Keywords:Generative Adversarial Deep learning Optimal transportation Mode collapse

A B S T R A C T This work introduces an optimal transportation (OT) view of generative adversarial networks (GANs).Natural datasets have intrinsic patterns,which can be summarized as the manifold distribution principle:the distribution of a class of data is close to a low-dimensional manifold. GANs mainly accomplish two tasks: manifold learning and probability distribution transformation. The latter can be carried out using the classical OT method. From the OT perspective, the generator computes the OT map, while the discriminator computes the Wasserstein distance between the generated data distribution and the real data distribution; both can be reduced to a convex geometric optimization process. Furthermore, OT theory discovers the intrinsic collaborative—instead of competitive—relation between the generator and the discriminator,and the fundamental reason for mode collapse.We also propose a novel generative model, which uses an autoencoder (AE) for manifold learning and OT map for probability distribution transformation. This AE-OT model improves the theoretical rigor and transparency, as well as the computational stability and efficiency; in particular, it eliminates the mode collapse. The experimental results validate our hypothesis, and demonstrate the advantages of our proposed model.

1. Introduction

Generative adversarial networks (GANs) have emerged as one of the dominant approaches for unconditional image generation.When trained on several datasets,GANs are able to produce realistic and visually appealing samples.GAN methods train an unconditional generator that regresses real images from random noises and a discriminator that measures the difference between the generated samples and real images. GANs have received various improvements. One breakthrough was achieved by combing optimal transportation(OT)theory with GANs,such as the Wasserstein GAN (WGAN) [1]. In the WGAN framework, the generator computes the OT map from the white noise to the data distribution,and the discriminator computes the Wasserstein distance between the generated data distribution and the real data distribution.

1.1. Manifold distribution hypothesis

The great success of GANs can be explained by the fact that GANs effectively discover the intrinsic structures of real datasets, which can be formulated as the manifold distribution hypothesis: A specific class of natural data is concentrated on a low-dimensional manifold embedded in the high-dimensional background space [2].

Fig. 1 shows the manifold structure of the MNIST database.Each handwritten digit image has the dimensions 28 × 28, and is treated as a point in the image space R784. The MNIST database is concentrated close to a low-dimensional manifold. By using the t-SNE manifold embedding algorithm [3], the MNIST database is mapped onto a planar domain, and each image is mapped onto a single point. The images representing the same digit are mapped onto one cluster, and 10 clusters are color encoded. This demonstrates that the MNIST database is distributed close to a two-dimensional (2D) surface embedded in the unit cube in R784.

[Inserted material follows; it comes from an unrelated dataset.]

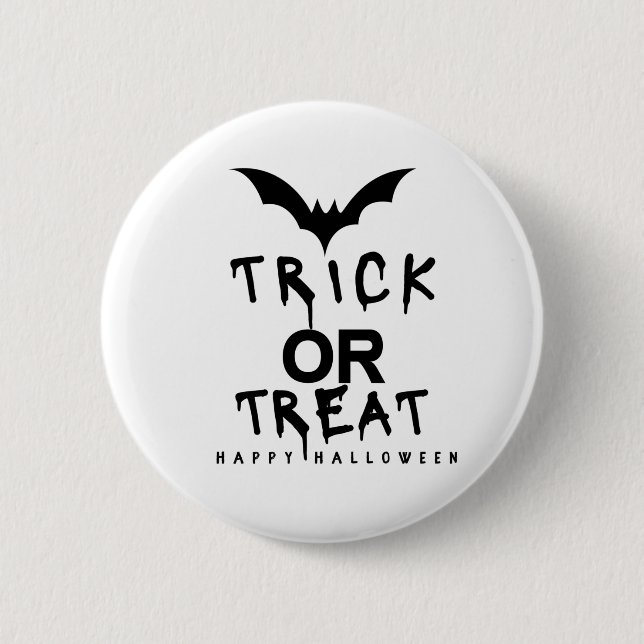 Badge Rond 5 Cm Trick ou traiter Halloween Citrouille Funny (Devant)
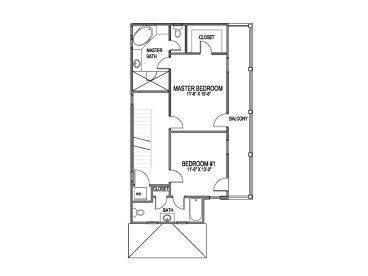 2nd Floor Plan, 058H-0099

Fig.1. Manifold distribution of the MNIST database.(a)Some handwritten digitals in MNIST database;(b)the embedded result of the digitals in two-dimensional(2D)plane by t-SNE algorithm. The x and y relative coordinates are normalized.

1.2. Theoretic model of GANs

Fig.2 illustrates the theoretic model of GANs.The real data distribution v is concentrated on a manifold Σ embedded in the ambient space χ.(Σ,v)together show the intrinsic structure of the real datasets. A GAN model computes a generator map gθfrom the latent space Z to the manifold Σ,where θ represents the parameter of a deep neural network(DNN).ζ is a Gaussian distribution in the latent space, and gθpushes forward ζ to μθ. The discriminator calculates a distance between the real data distribution v and the generated distribution μθ, such as the Wasserstein distance Wc(μθ, v), which is equivalent to the Kontarovich’s potential φξ(ξ: the parameter of the discriminator).

Despite GANs’advantages,they have critical drawbacks.In theory, the understanding of the fundamental principles of deep learning remains primitive. In practice, the training of GANs is tricky and sensitive to hyperparameters; GANs suffer from mode collapsing. Recently, Mescheder et al. [4] studied nine different GAN models and variants showing that gradient-descent-based GAN optimization is not always locally convergent.

According to the manifold distribution hypothesis, a natural dataset can be represented as a probability distribution on a manifold. Therefore, GANs mainly accomplish two tasks:①manifold learning—namely, computing the decoding/encoding maps between the latent space and the ambient space; and②probability distribution transformation, either in the latent or image space, which involves transformation between the given white noise and the data distribution.

Fig. 3 shows the decomposition of the generator map gθ= h°T,where h: Z →Σ is the decoding map from the latent space to the data manifold Σ in the ambient space, the probability distribution transformation map T: Z →Z. The decoding map h is for manifold learning, and the map T is for measure transportation.

Fig. 2. The theoretic model of GANs. G: generator; D: discriminator.

Fig. 3. The generator map is decomposed into a decoding map h and a transportation map T. T#ζ is the push-forward measure induced by T.

1.3. Optimal transportation view

OT theory [5] studies the problem of transforming one probability distribution into another distribution in the most economical way. OT provides rigorous and powerful ways to compute the optimal mapping to transform one probability distribution into another distribution, and to determine the distance between them [6].

As mentioned before, GANs accomplish two major tasks:manifold learning and probability distribution transformation.The latter task can be fully carried out by OT methods directly. In detail, in Fig. 3, the probability distribution transformation map T can be computed using OT theory. The discriminator computes the Wasserstein distance Wc(μθ, v) between the generated data distribution and the real data distribution,which can be calculated directly using the OT method.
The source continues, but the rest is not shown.